In a world where newer, faster and sleeker is often the mantra, a small group of racers have taken the opposite approach.
Sure, they like to go fast. But in an old school way.
Welcome to the world of the Bakersfield Hard Tops, a racing division conceived to replicate the post-war boom of stock car racing in the 1940s and 1950s.
A dozen times a year, guys climb into vehicles such as a 1940 Plymouth, a 1950 Chevy, a 1940 Hudson or a 1938 Desoto and step on the gas. The division competed at Bakersfield Speedway last Saturday night and will be in action at The Dirt Track at Kern County Raceway on Friday night.
“We try to stay traditional,” said Bakersfield’s Marc McCaslin, noting that while drivetrains (engine, transmission and rearend) are modern the cars are as close to stock as they can be.
The idea, conceived by Brad Pesheck of San Bernardino and the late “Crazy” Kenny Farris of Oildale, was to give race fans a glimpse of how racing used to be.
“It was just a wild idea and as soon as they told me about it I jumped in and I can’t get out of it,” said McCaslin, a farmer whose shop is now used to build and maintain numerous cars.
The cars have been taking to the track for more than a dozen years and until just a few years ago it was mainly exhibition-style racing.
Not any more. The drivers now push cars to their limits in an attempt to win.
Like most of the drivers in the division, Bobby Courtney got sucked into driving five years ago by McCaslin, who has been a key cog in the division since it was formed.
Courtney, who drove Open Competition stock cars at Mesa Marin in the early 1980s, was not impressed after his first run in a Hard Top.
“When I came back into the pits my wife asked me how it was and I said boring,” Courtney said. “Hell, I drove faster getting over here. The next year it got a little faster, and the next year was faster and now we’re only a couple of tenths (of a second) off what Hobby Stocks run.

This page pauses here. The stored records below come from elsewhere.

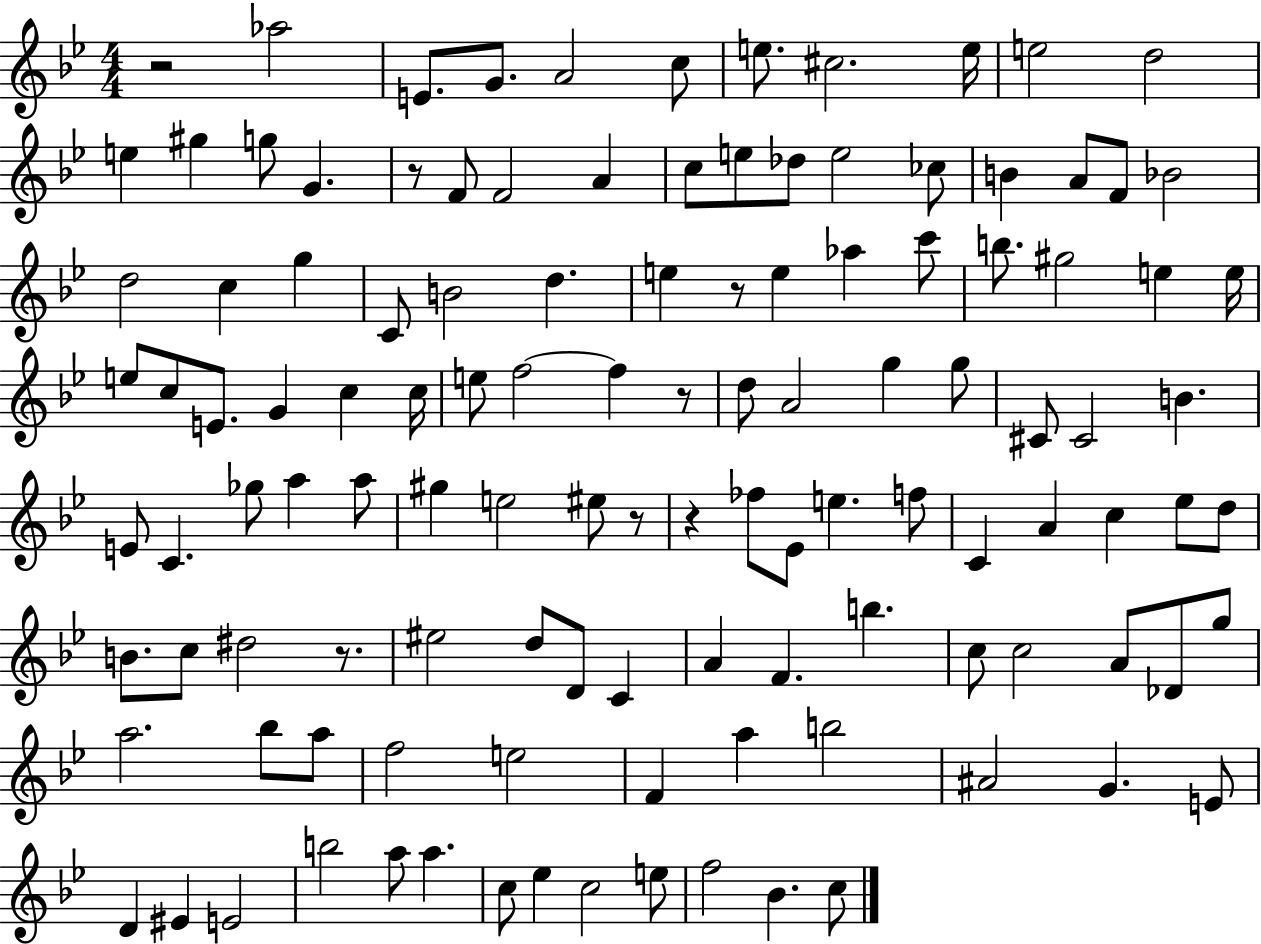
{
  \clef treble
  \numericTimeSignature
  \time 4/4
  \key bes \major
  r2 aes''2 | e'8. g'8. a'2 c''8 | e''8. cis''2. e''16 | e''2 d''2 | \break e''4 gis''4 g''8 g'4. | r8 f'8 f'2 a'4 | c''8 e''8 des''8 e''2 ces''8 | b'4 a'8 f'8 bes'2 | \break d''2 c''4 g''4 | c'8 b'2 d''4. | e''4 r8 e''4 aes''4 c'''8 | b''8. gis''2 e''4 e''16 | \break e''8 c''8 e'8. g'4 c''4 c''16 | e''8 f''2~~ f''4 r8 | d''8 a'2 g''4 g''8 | cis'8 cis'2 b'4. | \break e'8 c'4. ges''8 a''4 a''8 | gis''4 e''2 eis''8 r8 | r4 fes''8 ees'8 e''4. f''8 | c'4 a'4 c''4 ees''8 d''8 | \break b'8. c''8 dis''2 r8. | eis''2 d''8 d'8 c'4 | a'4 f'4. b''4. | c''8 c''2 a'8 des'8 g''8 | \break a''2. bes''8 a''8 | f''2 e''2 | f'4 a''4 b''2 | ais'2 g'4. e'8 | \break d'4 eis'4 e'2 | b''2 a''8 a''4. | c''8 ees''4 c''2 e''8 | f''2 bes'4. c''8 | \break \bar "|."
}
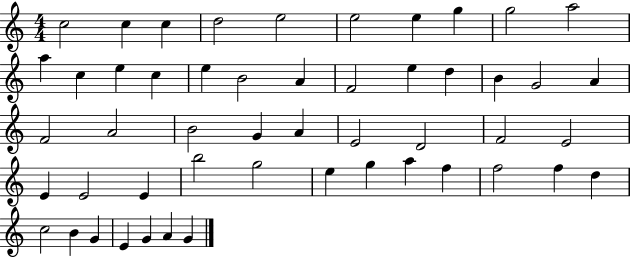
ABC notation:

X:1
T:Untitled
M:4/4
L:1/4
K:C
c2 c c d2 e2 e2 e g g2 a2 a c e c e B2 A F2 e d B G2 A F2 A2 B2 G A E2 D2 F2 E2 E E2 E b2 g2 e g a f f2 f d c2 B G E G A G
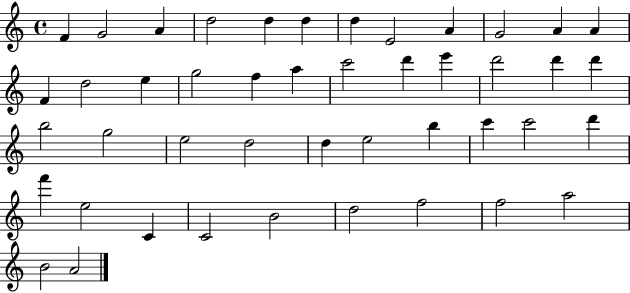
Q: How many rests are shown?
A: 0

We’re cooking and basically the bodies and suspensions is what came with the cars way back when.”
Courtney drives a ’56 Plymouth that has been around the block a few times.
“Brad (Pesheck) owned it and it was a Figure 8 car back in the early 1960s,” Courtney said. “It’s probably got over 600 races on it.”
While he wasn’t sold on the division at first, Courtney said driving the cars, and going faster, has grown on him and he’s not ready to toss in the towel.
“I’ll be 71 in September and I can guarantee you if I wasn’t having fun I’d be home in a rocking chair,” he said.
James Bradburn got into the Hard Tops division (yes, sucked in by McCaslin) nine years ago and just bought the 1940 Plymouth he drives from Pesheck.
“It’s a fun class,” said Bradburn, who has never driven any other type of race car. “This has stock steering, stock brakes and stock suspension. The original frame for the back seat is still in there.”
But, like many of the cars, it’s not all stock as stock replacement pieces are often difficult to find.
“This is actually a front end off a 1955 Chevy pickup,” he said. “We’re fabbing a lot of our own stuff, making things work, trying to keep it in the same era. These things are very top heavy. They have a roll to them like no other."
As the division has gotten racier — it now features a $4,000 point fund sponsored by Broken Yolk Cafe and Homewood Suites — there’s been a bit more carnage.
“We like to put on a show for the fans and do get a couple of cars wadded up now and then,” McCaslin said. “If you snap a kingpin you just can’t go buy it off the shelf from NAPA. You’re searching for a few weeks.” Sometimes those parts can’t be found.
“We use what we have to try to keep the car count up. We just want period correctness, to stay traditional.”
And have a little fun as well.
“It’s original roots racing, original NASCAR, original dirt track,” Bradburn said. “It’s a fun class. It really is.”